Work task: Omit all pictures and transcribe only the lines in the entries below that run from the line with "With the Digi" through the line with "We got the Hydra".

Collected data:
------------------------------------------------

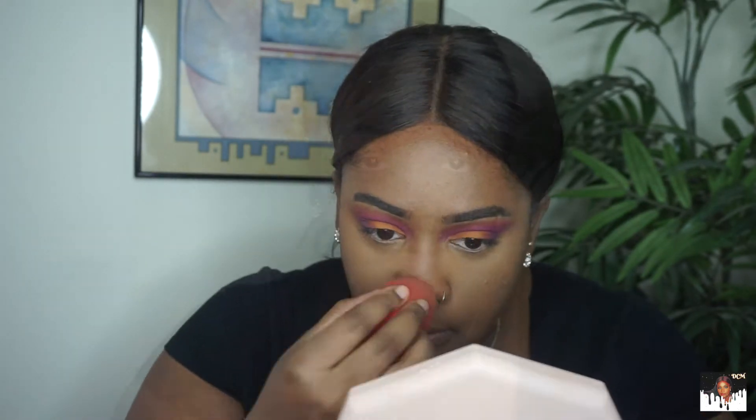Now I'm going to set my T-zone. I'm going in with the Juvia's Place I Am Magic Setting Powder in the shade Gobi. Now it's time to cream contour — I'm going in with my Makeup Revolution Cream Foundation in the shade F18.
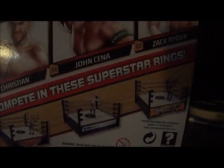Standard packaging. Here's the back. You get Booker T, Mark Henry, and all these other guys. I actually saw Mark Henry, John Cena, and Zack Ryder at Kmart as well competing in these superstar rings — Raw, SmackDown, and SummerSlam. Pretty cool.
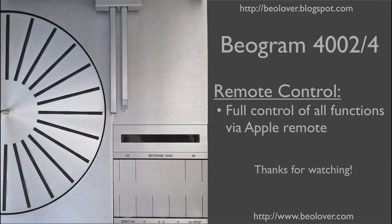This concludes my video about the remote control of a Biogram 4000 series turntable. I hope you enjoyed it. Thanks for watching.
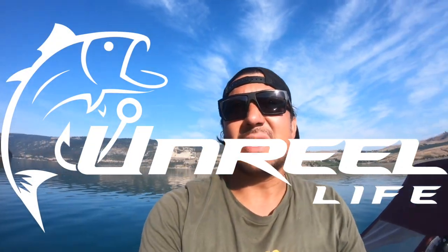What's up guys? Welcome to another episode of Unreal Life. We're out here on beautiful Kalamalka Lake in British Columbia. Kalamalka Lake does hold some trophy-sized kokanee, and that's what we're here for today.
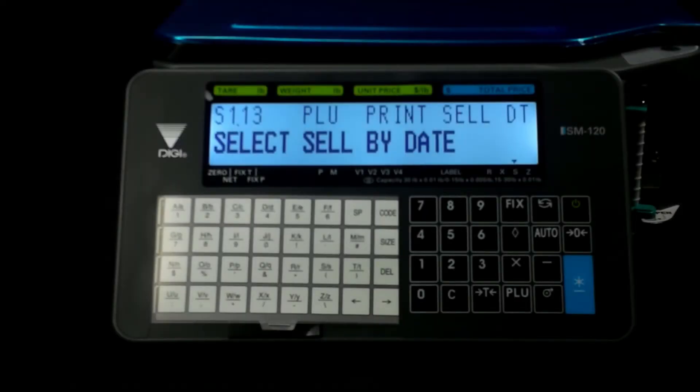With the Digi SM120, inputting the PLUs is a relatively simple process. You can get the program that Digi provides free of charge, do the programming on the computer, and then upload to the scale. But sometimes you need to do things on the fly. This is how you do it.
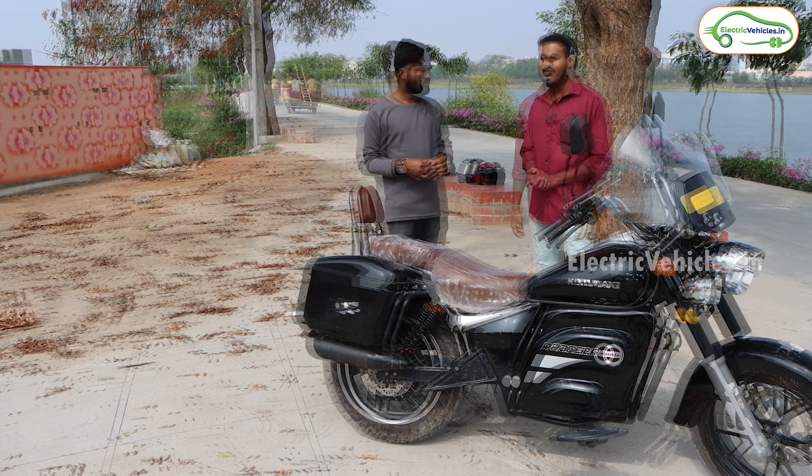How is the front and rear suspension? They have given double suspension front and rear, and the suspensions are very good — the riding experience is very comfortable and smooth. They also give disc brakes at the front and rear — the brake performance is also good.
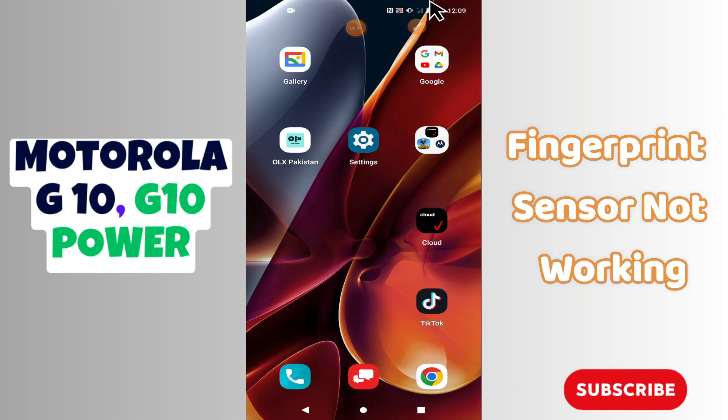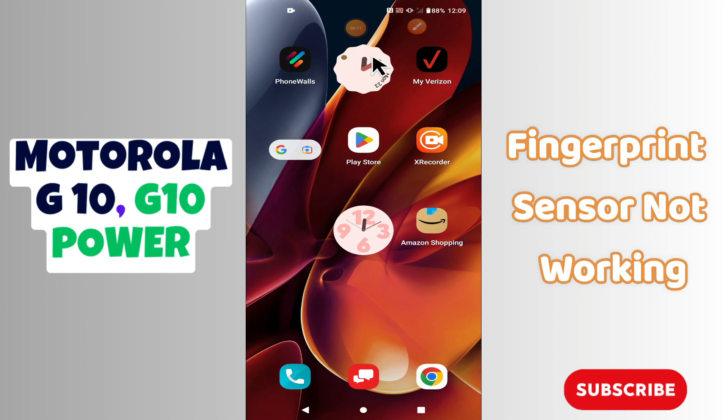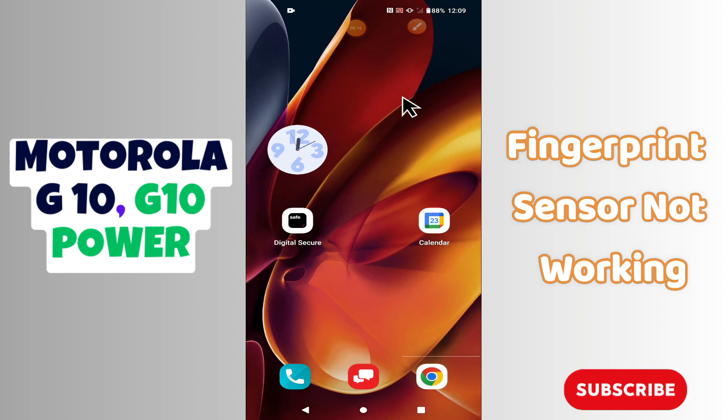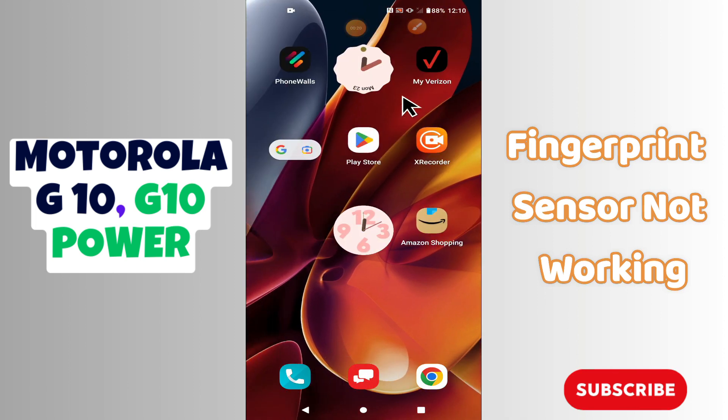Hello everyone. In this video I will show you how you can fix the fingerprint sensor problem in your phone, Moto G10 and G10 Power. If the fingerprint sensor is not working properly on this device, I will show you how you can easily fix it. You have to follow all the steps for this complete video. Before that, don't forget to subscribe. Now let's watch it.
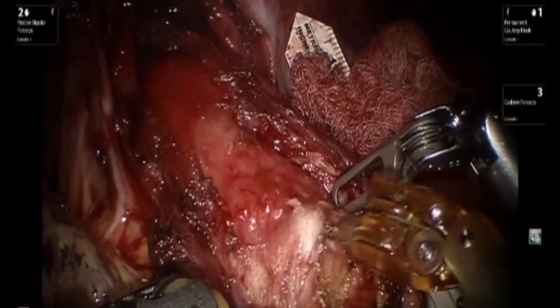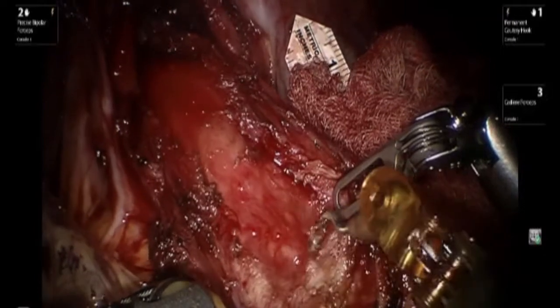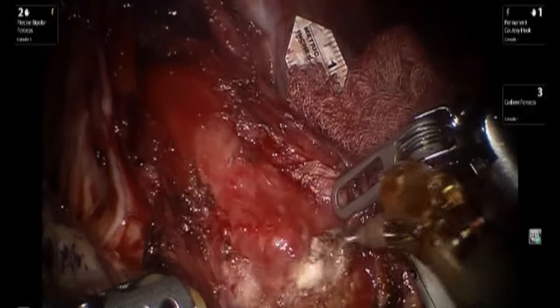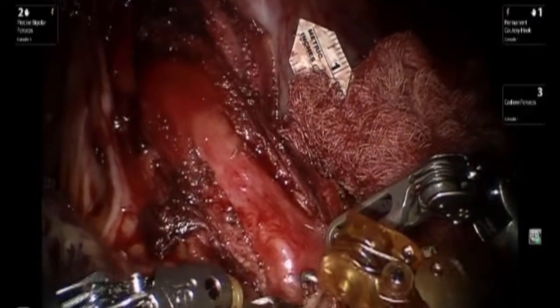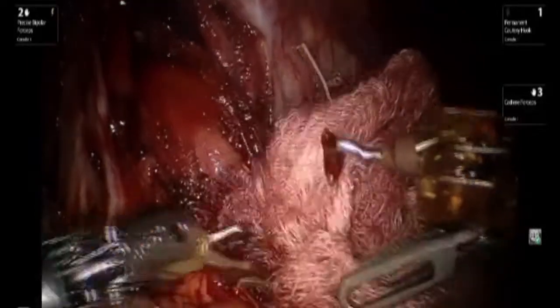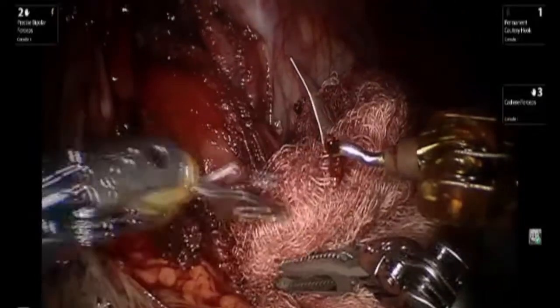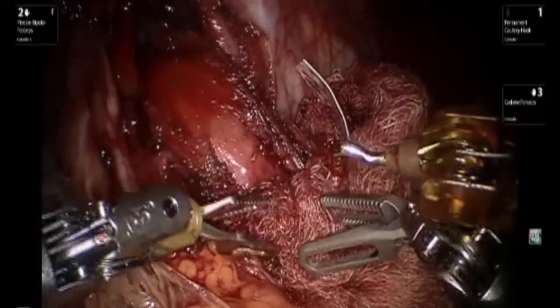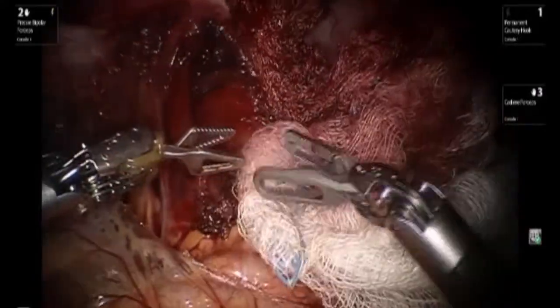It is convenient utilizing the robot, as one has excellent maneuverability just like you would with open surgery using your hand. Any small amount of bleeding encountered along the mucosa is best handled by application of gauze instead of using cautery and risking burning the mucosa with a subsequent perforation a few days later.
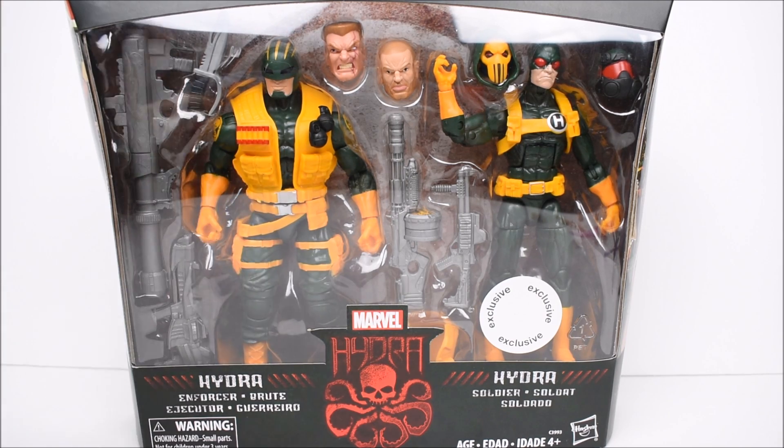We got the Hydra Enforcer and just the regular Hydra Soldier right there on the right side. If you're looking for any type of action figures, Marvel Legends and all that, then check out BigBadToyStore.com. I got links in the description below where you guys can click and check some stuff out for yourself.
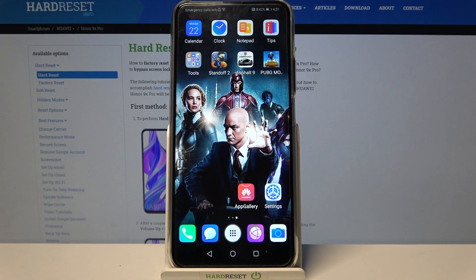Hi, in front of me is Huawei Honor 9x Pro and today I would like to show you how you can set up screen lock on this device.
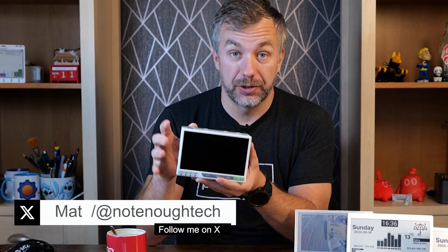A couple of years ago I covered this — the original ReTerminal from Seed Studio. This is HMI plus CM4. Behind those letters stands Human Machine Interface and Compute Module 4 from yours truly, Raspberry Pi.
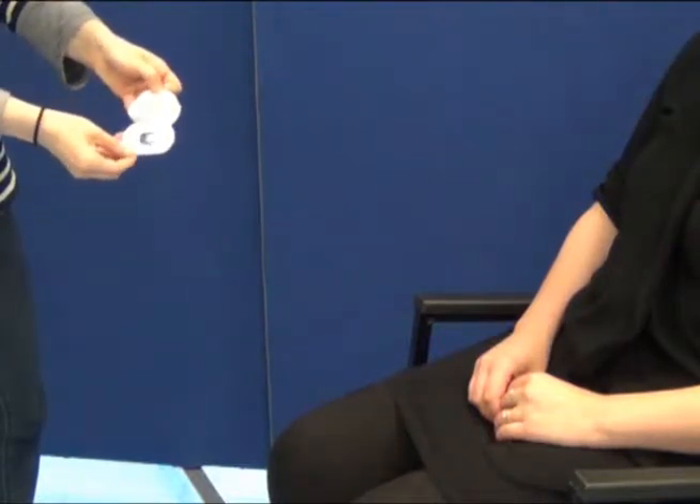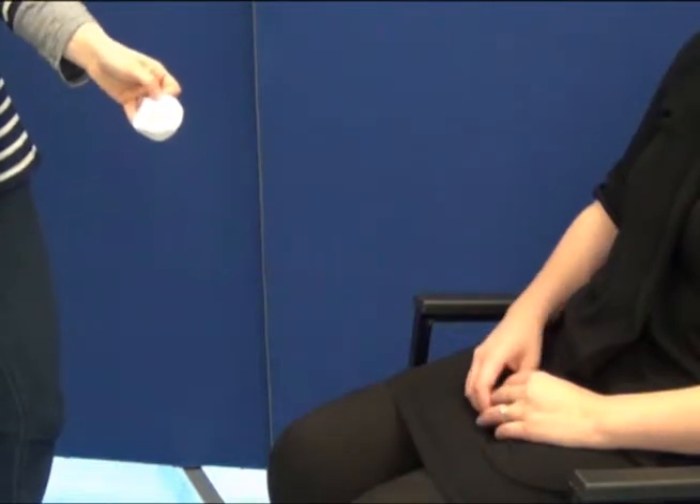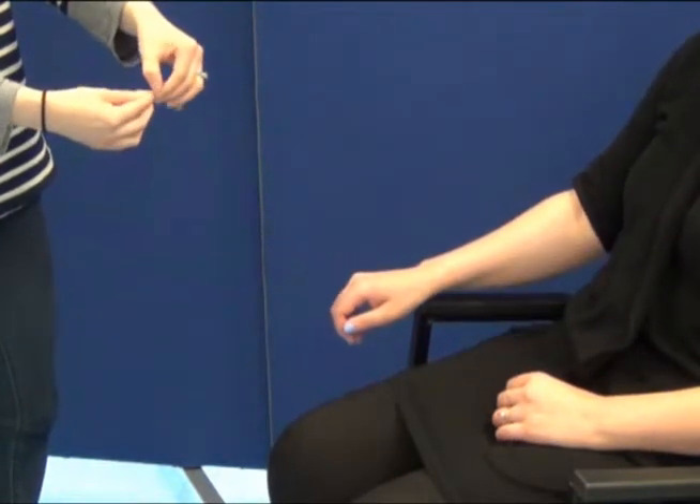Today we will be placing the electrodes distally on the bony regions of the wrists and the ankles. Let's take a look.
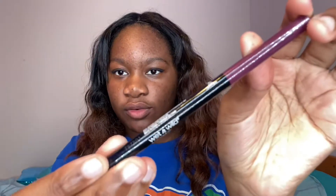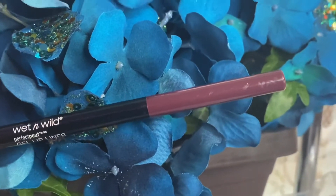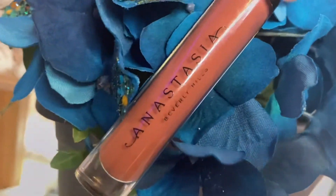I usually don't put mascara because my eyelashes are short anyway so it never works. I'm using the Wet n Wild Cruelty Free Gel Lip Liner in this weird shade — it's like a purple pomegranate. I'm also using the Anastasia lip gloss in the shade Tara.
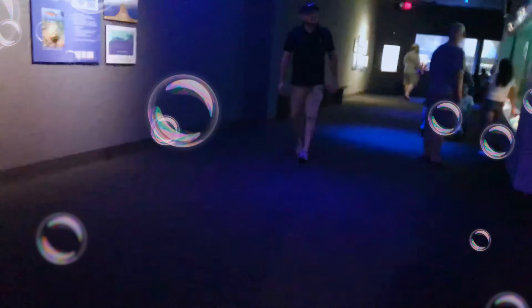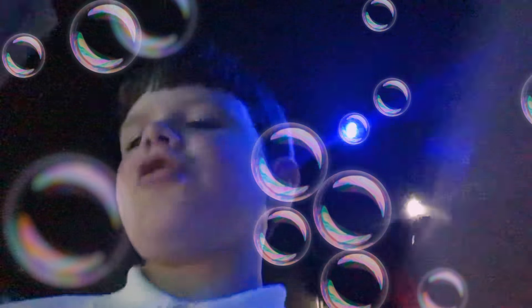Oh look at these cute little fishes! A little shark — a little shark, whatever it's called. Bamboo sharks. So hope you guys enjoyed the video.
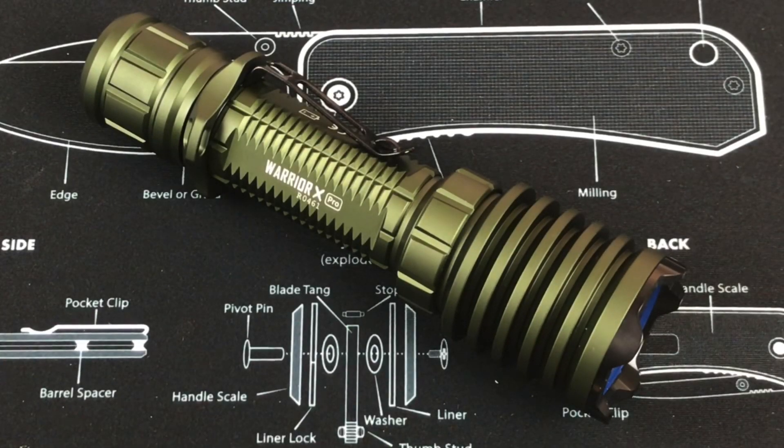Hey, what's up everyone? Tim here from Everyday Tactical Vids, and today we're looking at the Warrior X Pro from Olight. There are other versions of the Warrior out there from Olight — this is the latest version. Here are some of the details: end-to-end length is 5.87 inches, head diameter 1.54 inches, body diameter 1.03 inches, weight is 8.43 ounces, and that is including the battery.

------------------------------------------------

Task response:
With the Digi SM120, inputting the PLUs is a relatively simple process. You can get the program that Digi provides free of charge, do the programming on the computer, and then upload to the scale. But sometimes you need to do things on the fly. This is how you do it.
How is the front and rear suspension? They have given double suspension front and rear, and the suspensions are very good — the riding experience is very comfortable and smooth. They also give disc brakes at the front and rear — the brake performance is also good.
Hello everyone. In this video I will show you how you can fix the fingerprint sensor problem in your phone, Moto G10 and G10 Power. If the fingerprint sensor is not working properly on this device, I will show you how you can easily fix it. You have to follow all the steps for this complete video. Before that, don't forget to subscribe. Now let's watch it.
It is convenient utilizing the robot, as one has excellent maneuverability just like you would with open surgery using your hand. Any small amount of bleeding encountered along the mucosa is best handled by application of gauze instead of using cautery and risking burning the mucosa with a subsequent perforation a few days later.
We got the Hydra Enforcer and just the regular Hydra Soldier right there on the right side. If you're looking for any type of action figures, Marvel Legends and all that, then check out BigBadToyStore.com. I got links in the description below where you guys can click and check some stuff out for yourself.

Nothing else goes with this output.